Google immediately issued a tweet against the NYT:

@NYTimes is wrong. We’ve not had any convos with VZN about paying for carriage of our traffic. We remain committed to an open internet.

Gizmodo, the technology blog, also managed to receive communication from VZW stating that the articles released by the NYT and WSJ were false. So where is the truth here? Apparently the story was so flimsy that Gizmodo removed their own article on the subject after only a few hours. Now tech news sites such as PC Mag are questioning the validity of the root articles. How is it that technology magazines and their readership — arguably the ones who brought in (and embraced) digital, fast news — are the ones being patient and picking stories apart rather than their major news counterparts who are supposed to be the experts at this sort of thing?
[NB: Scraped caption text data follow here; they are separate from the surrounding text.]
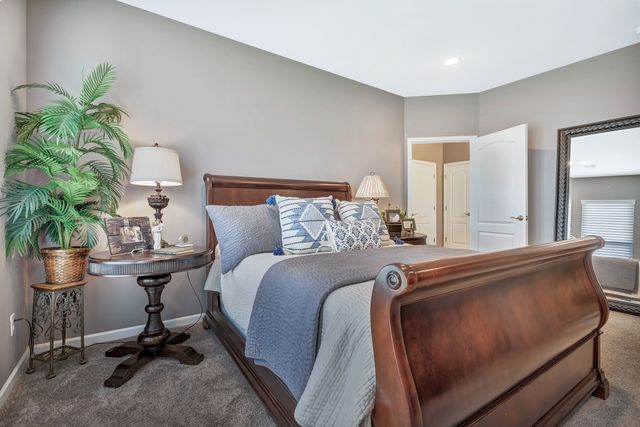 2308 Lawrence Rdg, Spring Hill, TN 37174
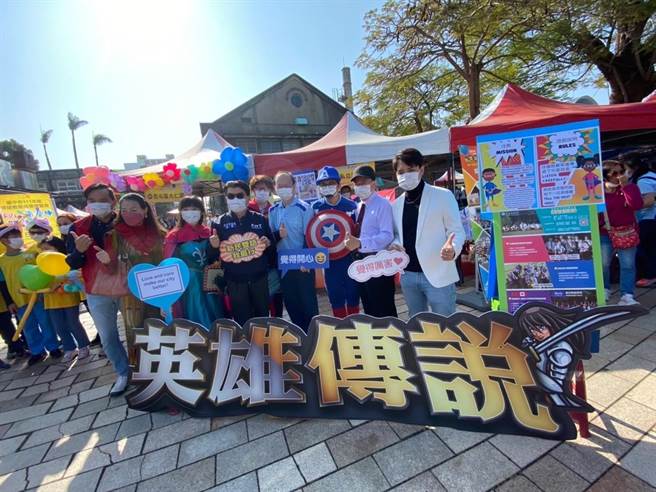 精心设计双语市集，市议员李中等特前往共襄盛举。（台中市政府提供）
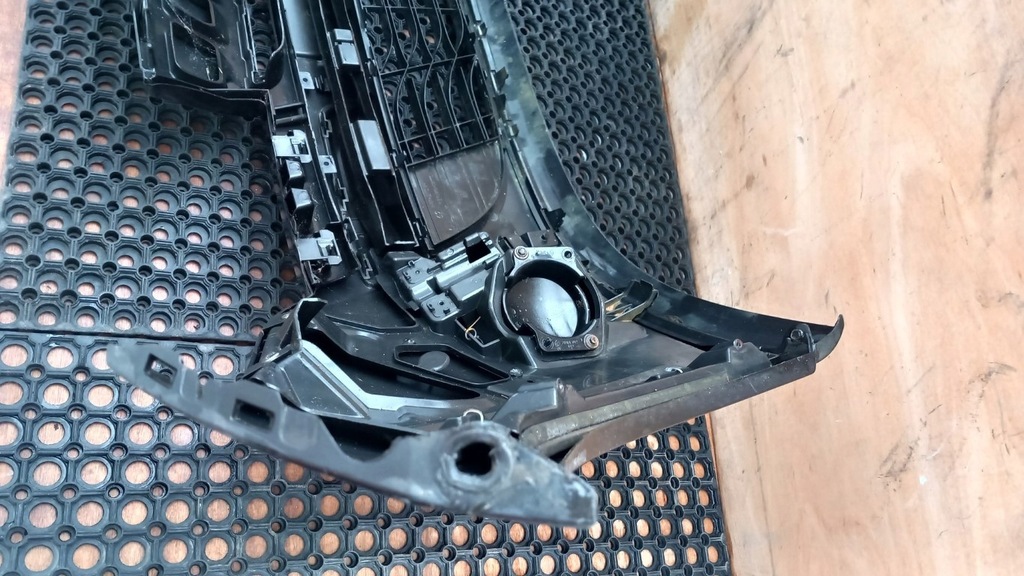 фото №12, Renault megane iii бампер перед nv676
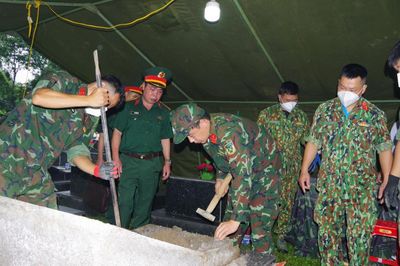Lấy mẫu xác định danh tính hài cốt liệt sĩ tại Nghĩa trang liệt sĩ Quảng Uyên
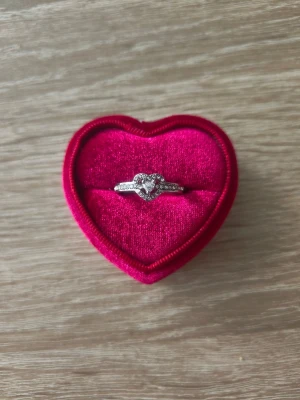 Silverfärgad ring med hjärtformad sten - ring i storlek 17,3mm, silverfärgad. 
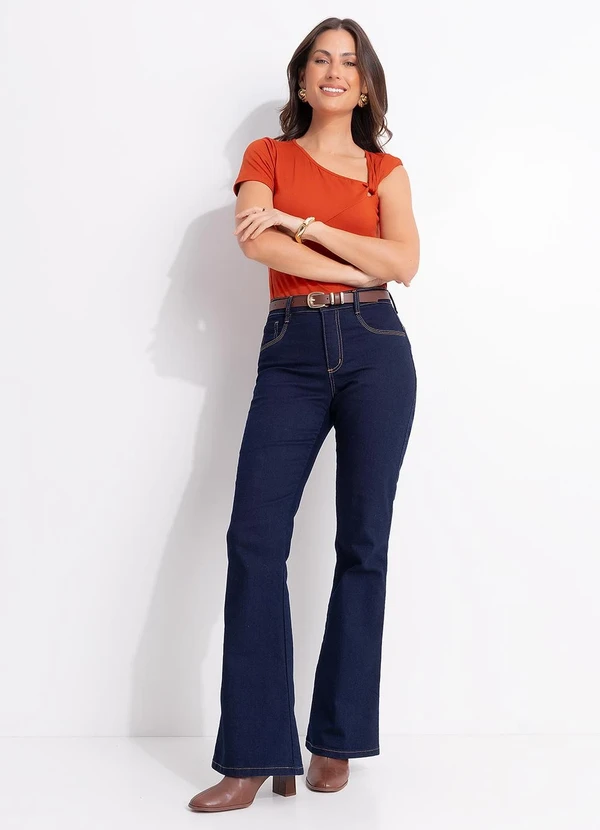 Quintess - Blusa Assimétrica Terracota em Malha Suede com Detalhe de Torção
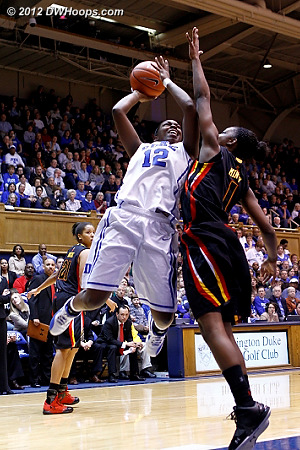 Chelsea Gray hits over Mincy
Did the NYT or WSJ even consider the impact of their articles? Or did they just know how much traffic and interest they would pull in and knew that they weren’t reporting the facts 100%?

Even though the Google news “slip” is far cry from the media circus caused by Shirley Sharrod, they certainty have some things in common. The focus on “breaking the story” for the sake of traffic, readership and viewer-ship is for sure a dangerous one — and as consumers of news, we all need to be aware of it, or else we will fall for the sensationalism and have our minds melt into the proverbial soup of junk journalism.
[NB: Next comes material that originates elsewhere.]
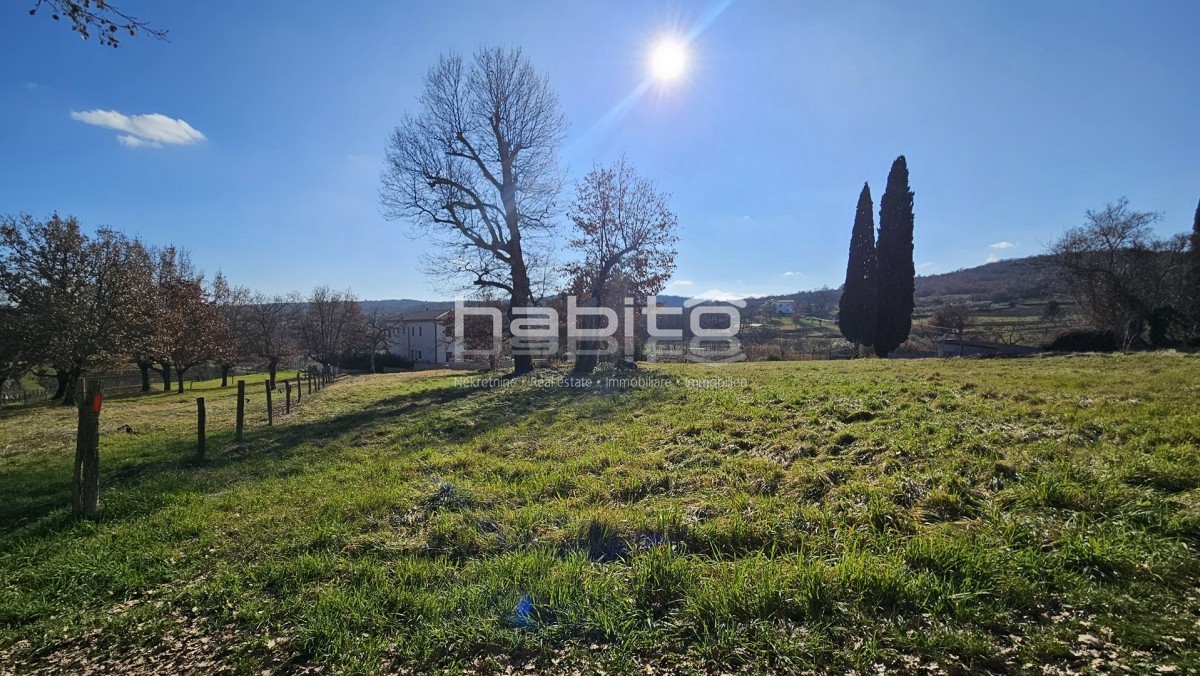 Stavbno zemljišče za stanovanjsko gradnjo – okolica Motovuna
Still, this sort of thing really isn’t anything new — it is just becoming more obvious now-a-days. Luckily enough for us we live in a digital age were information is everywhere. While the truth is sometimes buried deep within that information, scattered about and covered in muck, it is apparent that we stand a much better chance of finding it with our own hands instead of waiting on the news conglomerate to find it for us.


The Gizmodo article is back up ( and seems to have another couple comments. With more details coming out the story seems less nefarious, as I anticipated. It seems like the NYT and WSJ are also updating their articles as well — which is great, except it is hours after the rebuttal. Wouldn’t have been smarter to report the story as “talks” between both companies and then expand on that later?

Oh, of course. That isn’t interesting enough.